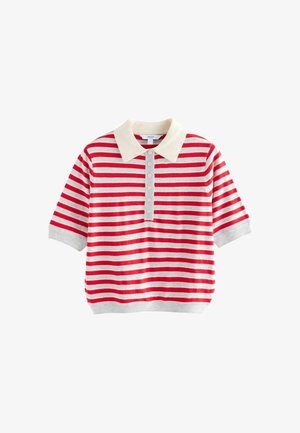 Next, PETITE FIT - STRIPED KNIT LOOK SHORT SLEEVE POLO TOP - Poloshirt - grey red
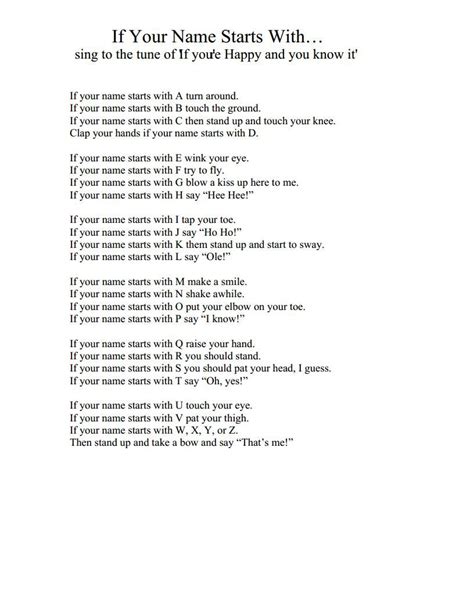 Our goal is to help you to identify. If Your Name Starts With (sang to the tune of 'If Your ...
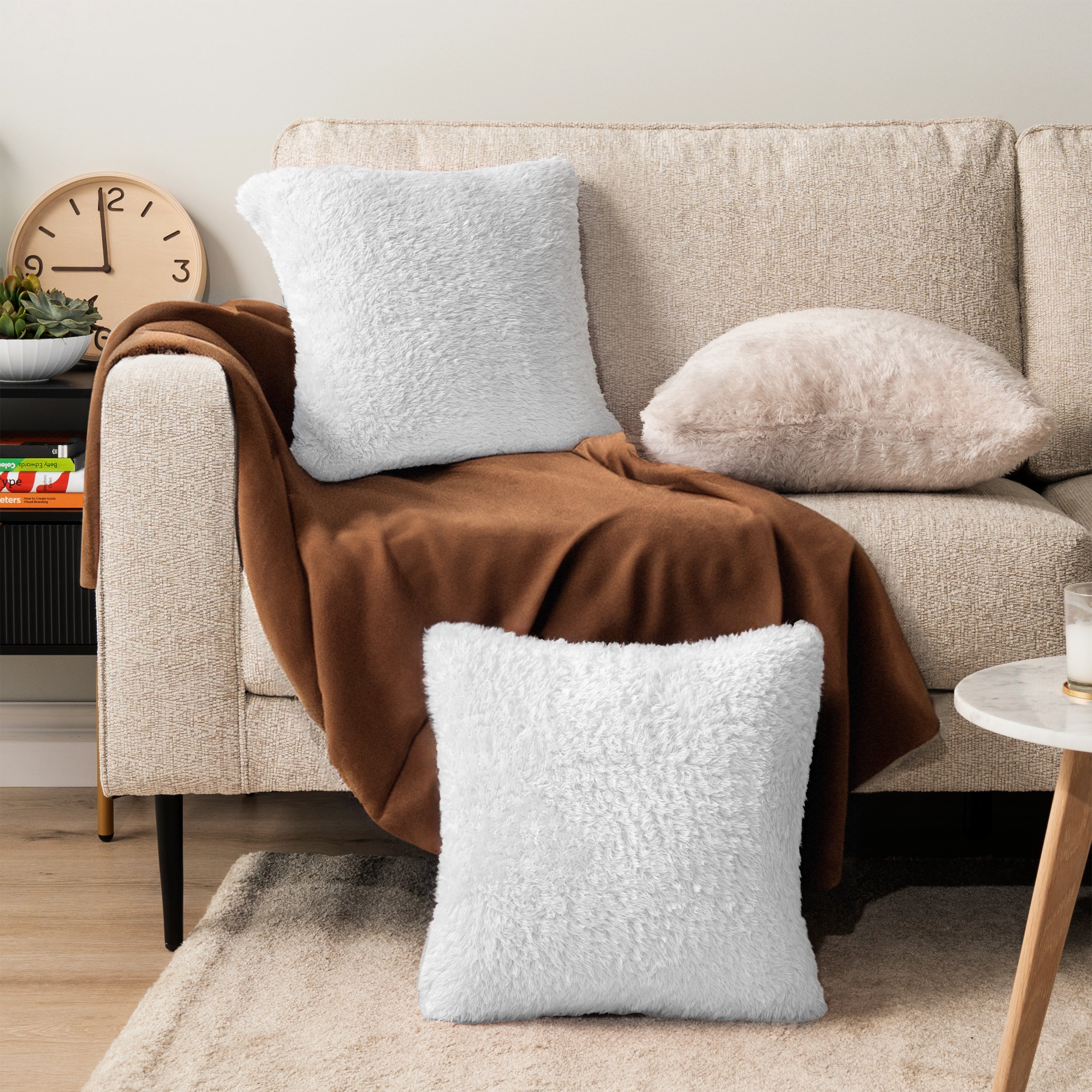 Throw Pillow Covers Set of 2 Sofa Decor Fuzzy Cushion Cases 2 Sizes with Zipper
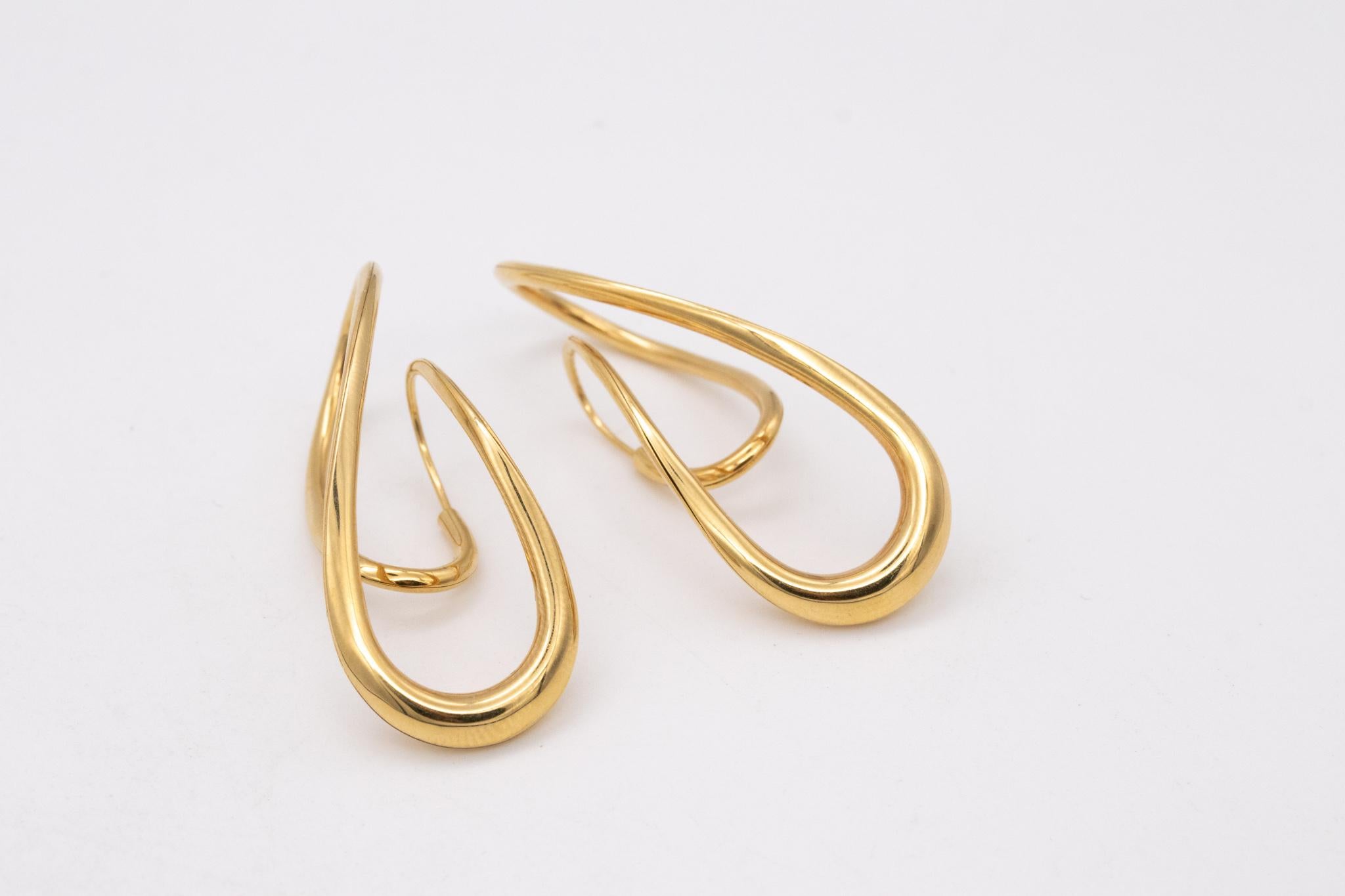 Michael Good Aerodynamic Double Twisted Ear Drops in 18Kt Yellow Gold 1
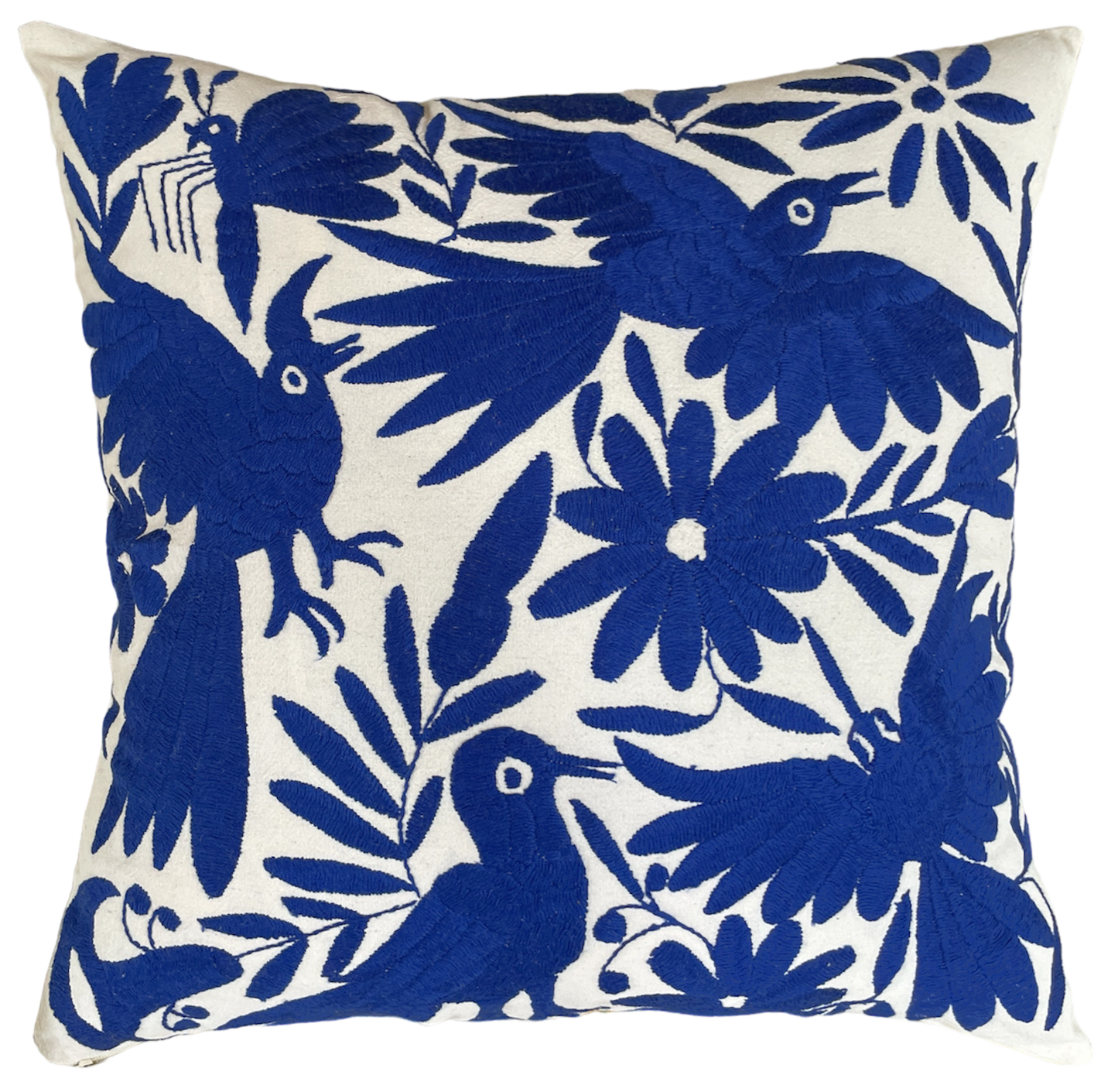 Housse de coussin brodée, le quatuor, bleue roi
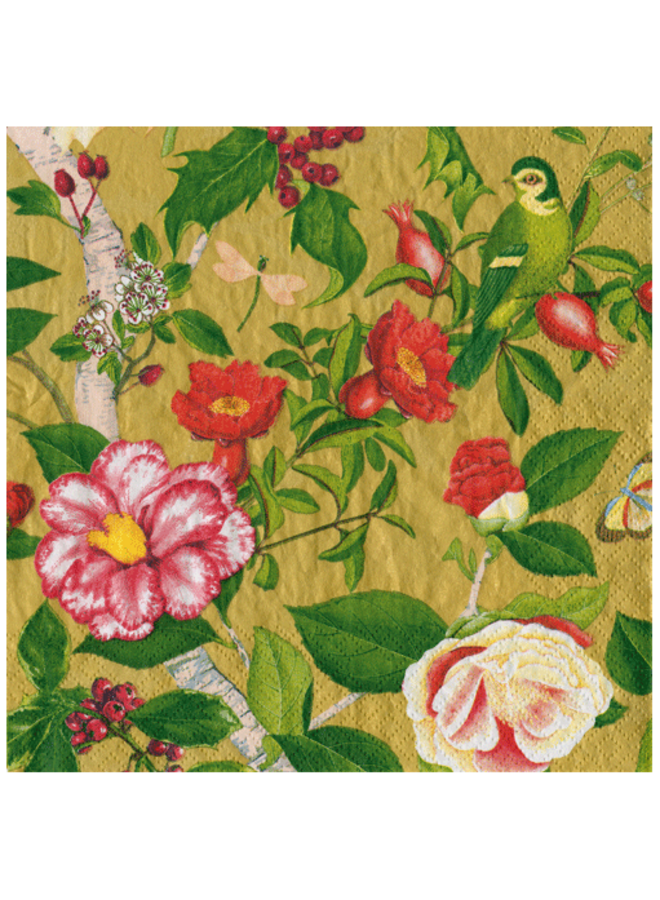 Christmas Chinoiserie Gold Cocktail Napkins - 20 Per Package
----
### Assignment
Nothing but the text is wanted: repeat the data above exactly, without its images.

### Response area
 Next, PETITE FIT - STRIPED KNIT LOOK SHORT SLEEVE POLO TOP - Poloshirt - grey red
 Our goal is to help you to identify. If Your Name Starts With (sang to the tune of 'If Your ...
 Throw Pillow Covers Set of 2 Sofa Decor Fuzzy Cushion Cases 2 Sizes with Zipper
 Michael Good Aerodynamic Double Twisted Ear Drops in 18Kt Yellow Gold 1
 Housse de coussin brodée, le quatuor, bleue roi
 Christmas Chinoiserie Gold Cocktail Napkins - 20 Per Package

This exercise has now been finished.